**Work instructions:** Take the entries below and reproduce exactly the portion that begins at the line containing "Toyota Corolla 1.8" and ends at the line containing "Light Up Gift", keeping both ends, dropping pictures, and adding nothing else.
==== Information provided ====
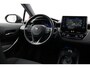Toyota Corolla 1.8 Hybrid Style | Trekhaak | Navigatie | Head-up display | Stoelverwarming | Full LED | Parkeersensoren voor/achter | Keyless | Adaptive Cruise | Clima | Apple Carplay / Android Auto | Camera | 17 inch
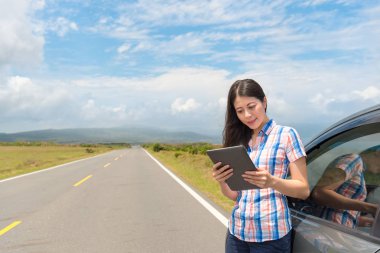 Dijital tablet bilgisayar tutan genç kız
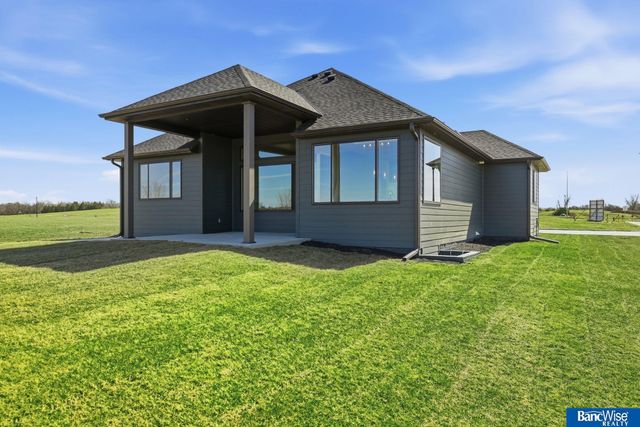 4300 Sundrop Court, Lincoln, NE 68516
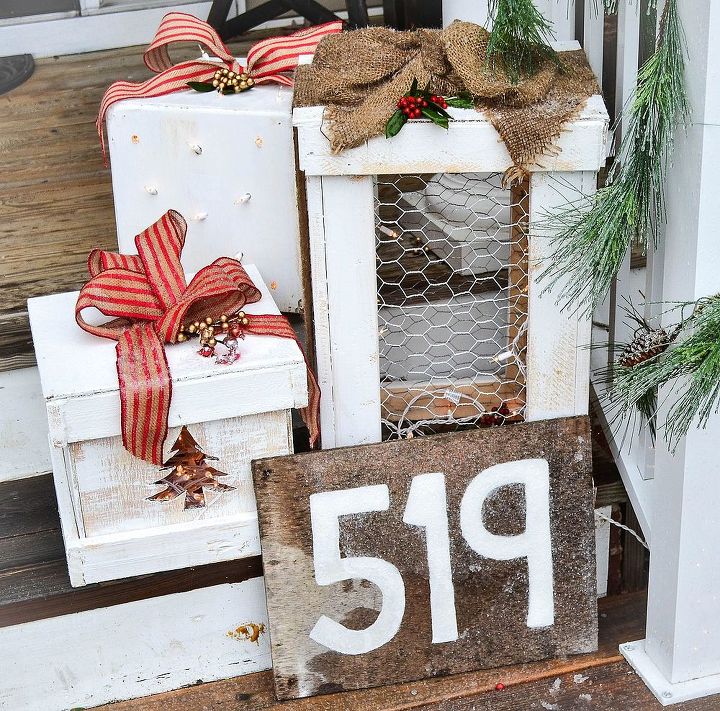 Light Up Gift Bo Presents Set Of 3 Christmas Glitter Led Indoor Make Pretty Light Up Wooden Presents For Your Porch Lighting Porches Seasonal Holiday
====
==== Information provided ====
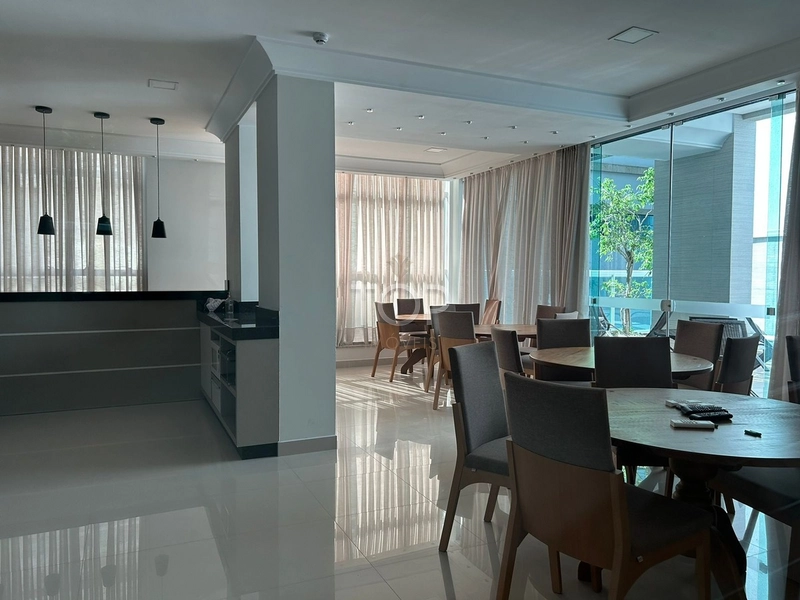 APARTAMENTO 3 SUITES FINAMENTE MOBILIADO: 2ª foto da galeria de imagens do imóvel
====
**Reply to the exercise:**
Toyota Corolla 1.8 Hybrid Style | Trekhaak | Navigatie | Head-up display | Stoelverwarming | Full LED | Parkeersensoren voor/achter | Keyless | Adaptive Cruise | Clima | Apple Carplay / Android Auto | Camera | 17 inch
 Dijital tablet bilgisayar tutan genç kız
 4300 Sundrop Court, Lincoln, NE 68516
 Light Up Gift Bo Presents Set Of 3 Christmas Glitter Led Indoor Make Pretty Light Up Wooden Presents For Your Porch Lighting Porches Seasonal Holiday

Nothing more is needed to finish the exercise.